Armstrong weiter in Gelb
Boogerd gewinnt Königsetappe der Tour

Michael Boogerd gewann am Mittwoch die Königsetappe, doch Lance Armstrong sitzt sicherer denn je auf dem Tour-Thron.

HB LA PLAGNE. Vier Tage vor dem Ende der 89. Tour de France spricht alles für den Texaner und seinen vierten Erfolg hintereinander. Im Ziel der 16. Etappe in La Plagne konnte Armstrong als Tages-Dritter 1:25 Minuten hinter dem Niederländer Boogerd weitere 46 Sekunden auf den Zweiten im Gesamtklassement, Joseba Beloki (Spanien), herausfahren. Am eindrucksvollsten setzte sich auf den 179,5 km von Les-deux- Alpes nach La Plagne allerdings Boogerd, 1998 in der Endabrechnung Tour-Fünfter, in Szene. Nach 120 km langer Alleinfahrt triumphierte er als Solist in der 1880 Meter hoch gelegenen Ski-Station, widerstand Armstrongs Attacke vier Kilometer vor dem Ziel und feierte seinen insgesamt zweiten Tagessieg bei der Tour.

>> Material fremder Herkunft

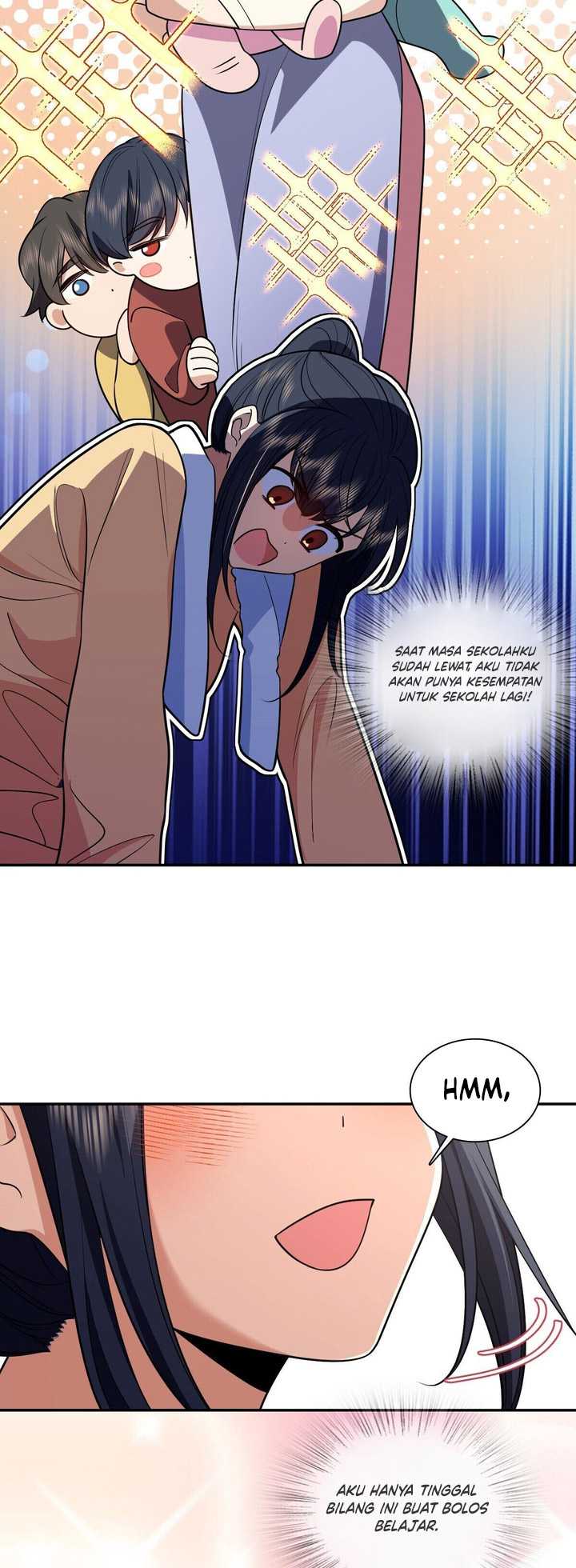My Wife Is From a Thousand Years Ago Chapter 306 - https://img.komiku.org/uploads2/2858289-19.jpg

Der Texaner geht jetzt mit einem Vorsprung von 5:06 Minuten auf Beloki auf die Tour- Zielgerade Richtung Paris. In der Punktwertung um das Grüne Trikot blieb alles unverändert: Robbie McEwen, im Besitz des Trikots wegen besserer Platzierungen in den bisherigen Zwischensprints, liegt weiter gleichauf mit Weltranglisten-Spitzenreiter Erik Zabel (Unna). Wie 2001 beim Duell zwischen Stuart O'Grady und Zabel wird auch in diesem Jahr die Entscheidung auf den Champs-Elysées am Sonntag fallen. Die Chancen auf Zabels siebentes Grünes Trikot hintereinander stehen allerdings schlecht, weil der Australier McEwen in der Ebene bisher die schnelleren Beine hatte und das Prestige trächtige Tour-Finale in Paris 1999 schon ein Mal gewann.

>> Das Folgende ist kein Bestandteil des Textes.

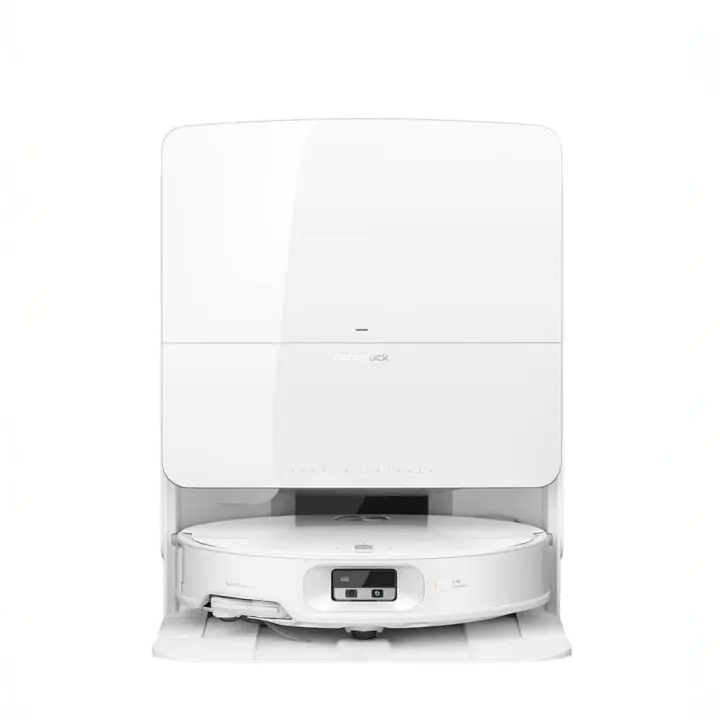 Прахосмукачка робот Roborock Qrevo Edge 2 PRO, (35950171)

Am Mittwoch schien die Tour Kopf zu stehen. Boogerd, nicht unbedingt ein Bergspezialist, war der erste Niederländer in der Tour- Geschichte, der den Col de la Madeleine (2000 Meter) als Erster überquerte. Seinen erstaunlichen Höhenflug konnte er überraschend bis ins Ziel fortsetzen. In seinem Rücken fuhren bis zum Schlussanstieg auf der schwersten Alpen-Etappe auch die Sprinter in Reinkultur, Gian Matteo Fagnini und der Australier Stuart O'Grady, in Spitzengruppen. Der Zabel-Helfer aus Italien, der auf der Abfahrt vom Galibier, dem ersten von drei Bergen der höchsten Kategorie, attackiert hatte, fuhr lange weit vor den im Hochgebirge erprobten Favoriten Armstrong und Beloki.

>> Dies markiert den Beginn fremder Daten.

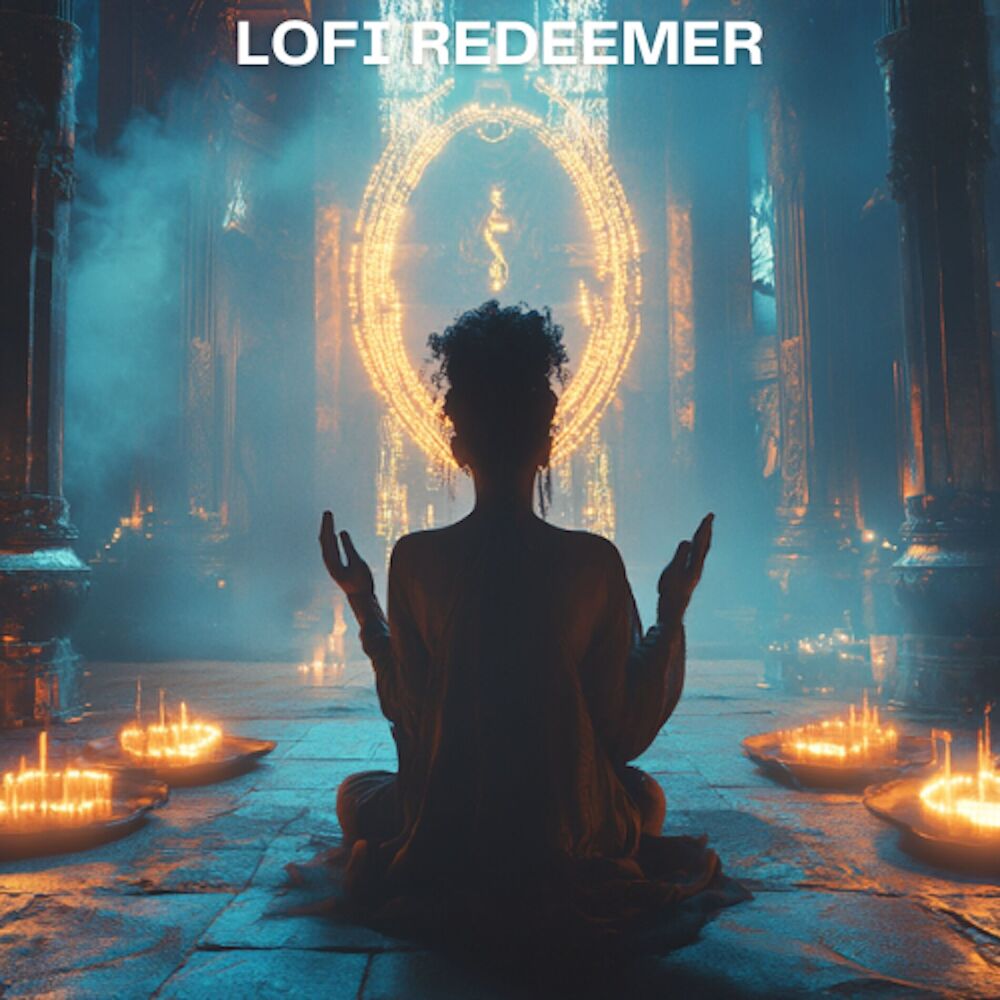 Picture of Lofi Redeemer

Die Elite hatte am Fuß des 17,7 km langen Schlussanstiegs nach La Plagne 5 km Rückstand zu Boogerd. Nach Christophe Moreau (Frankreich) am Dienstag schied am Mittwoch mit dem jungen Spanier Oscar Sevilla ein weiterer Topfahrer aus, der sich am Tour-Start in Luxemburg zumindest Hoffnungen auf das Podium in Paris gemacht hatte. Sevilla, an dem auch Telekom für die nächste Saison interessiert ist, quälten Magenkrämpfe. Die 17. Tour- und letzte Alpen-Etappe am Donnerstag bietet nicht mehr die Schwierigkeitsgrade wie die beiden vorangegangenen. Auf 142 km sind vier Steigungen zu meistern. Das Ziel in Cluses liegt am Ende einer 20 km langen Abfahrt auf 520 Metern Höhe.